Any smart winemaker from Burgundy, Bordeaux, Alsace, Champagne, etc. would tell you the same thing. However, the big, daunting red is the Moby Dick of winemaking, and in it's shadow every winemaker is Ahab. Don't let them lie to you. If most winemakers had their druthers, they would live in Bordeaux, or Chile, or Napa, and be chasing the great big red wine like American writers want to write the Great American Novel. It looms over them like a giant mountain or a tall, good looking stranger. And in the region there are a handful of wonderful reds - some of which I just reviewed.
However, the thing that holds them back is the same thing that makes them successful. Their diversity is what supports them - their blush wines, their fruit wines, their red wines and dessert wines, keep the wine trails flowing and growing with hundreds of thousands of visitors every summer. This is the other winemaker's quandary. How can I make the wines I want to make (or should make) when I have to make a certain number of wines to keep people coming in and out of the door? Robert Mondavi didn't make all that money selling high-end Cabernet Sauvignon - he made it selling inexpensive chardonnay and white zinfandel. These wineries need to keep visitors coming. The region is destined to have its share of wineries who will sell pink blush to their visitors - because those visitors like it.
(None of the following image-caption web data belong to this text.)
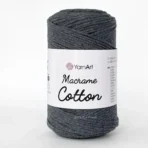Yarnart Macrame Cotton 758 графіт — пряжа-шнур для макраме і сумок, доступна в магазині Київ, Хорива 1-А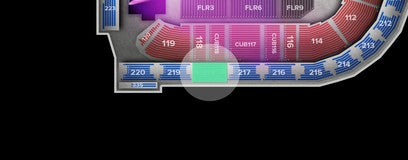 Seat view from Middle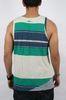 Mens Vest Graphic Tank Tops , Breathable 50% Cotton / 25% Rayon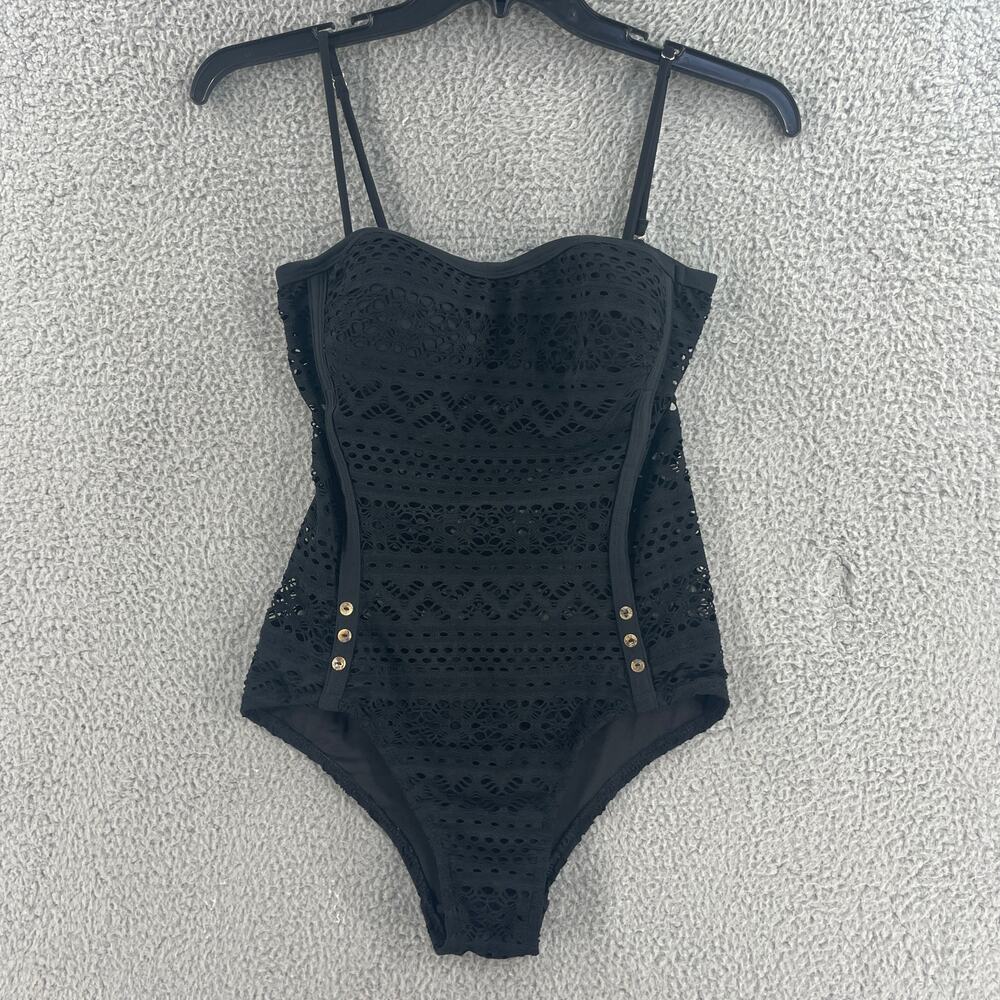 Swimsuit One Piece Crochet Sz 6 Swim Bathing Suit Water Beach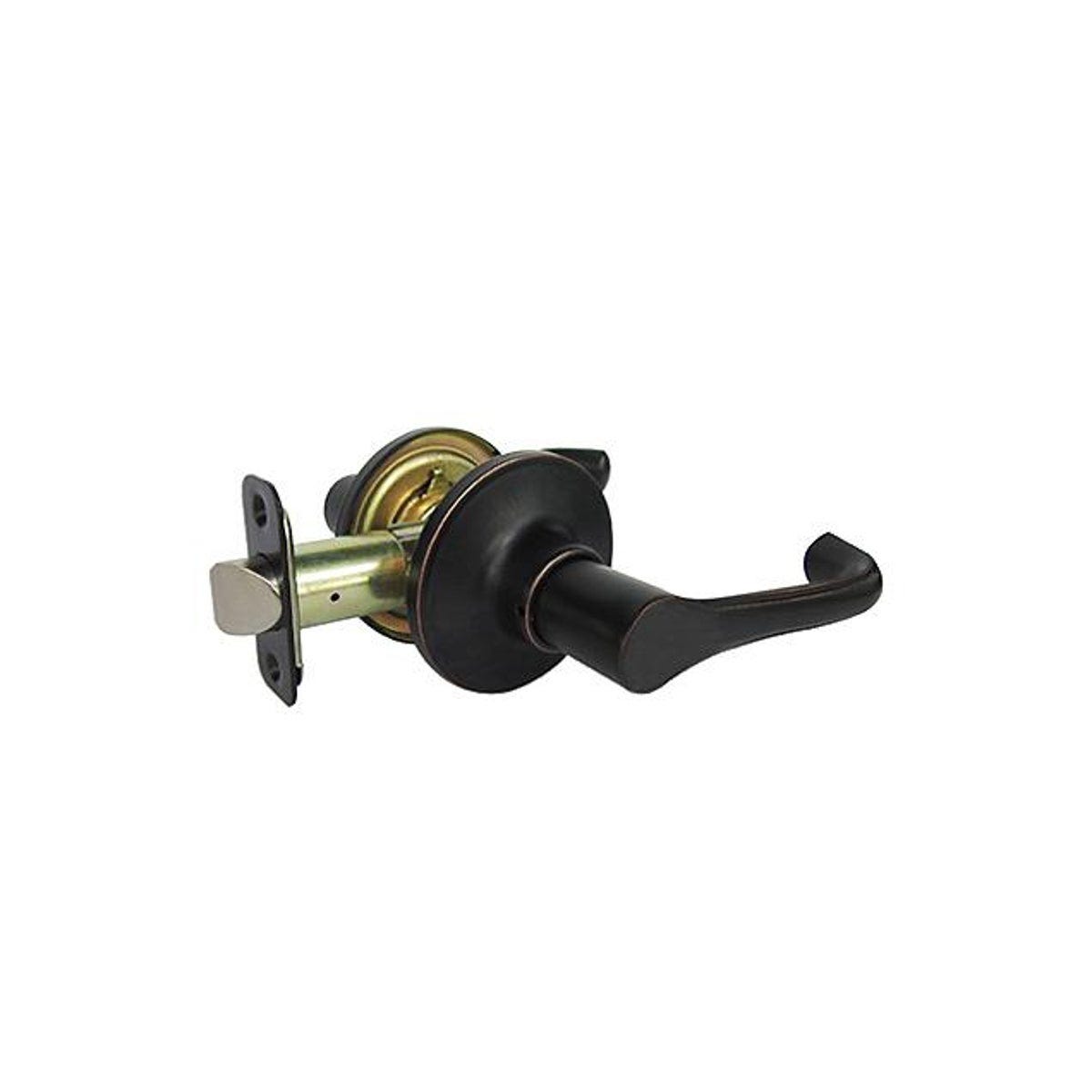 TruGuard Aged Bronze Reversible Milano Passage Door Lever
However, without a few higher scores from Mr. Molesworth, and all the other wine critics, the wineries cannot get the wine distributors they need to sell their products in far off markets. Thus they must rely more on blushes, etc. to support their staffs, vineyards, etc. This is the same problem plaguing many eastcoast winemakers.
THE FINGER LAKES ARE 10-20 YEARS AWAY FROM BEING ONE OF THE GREAT WINE REGIONS OF THE WORLD. If over the next 10-20 years, more and more of the vineyards start switching to Riesling (which is in great demand) - the Finger Lakes can join Napa and Sanoma as one of the great and notable wine regions of the world.
I agree with both. Lenn is right - there are at least a few wines worth of a 90 in the Finger Lakes. Or on the Island for that matter. Agree with Mr. Molesworth - the region lacks focus. It is not his job to focus the region or champion something that is not yet ready for prime time.
Greatness hates diversity. Singleness of purpose is everything. The Renaissance Man is dead. Do something focused and do it well. That is what Mr. Molesworth is telling the region - and I hate to say it - he is not wrong. In fact, he is very much correct. But he, and wine rating community (lets not lay this at poor Mr. Molesworth's feet solely - also it must be pointed out that Mr. Molesworth was not stingy in the least - he handed out many scores in the mid- to high-80s), are more a part of it than Mr. Molesworth lets on. No great region became so without a champion or two.
Who will step up? Which winemaker? Which critic?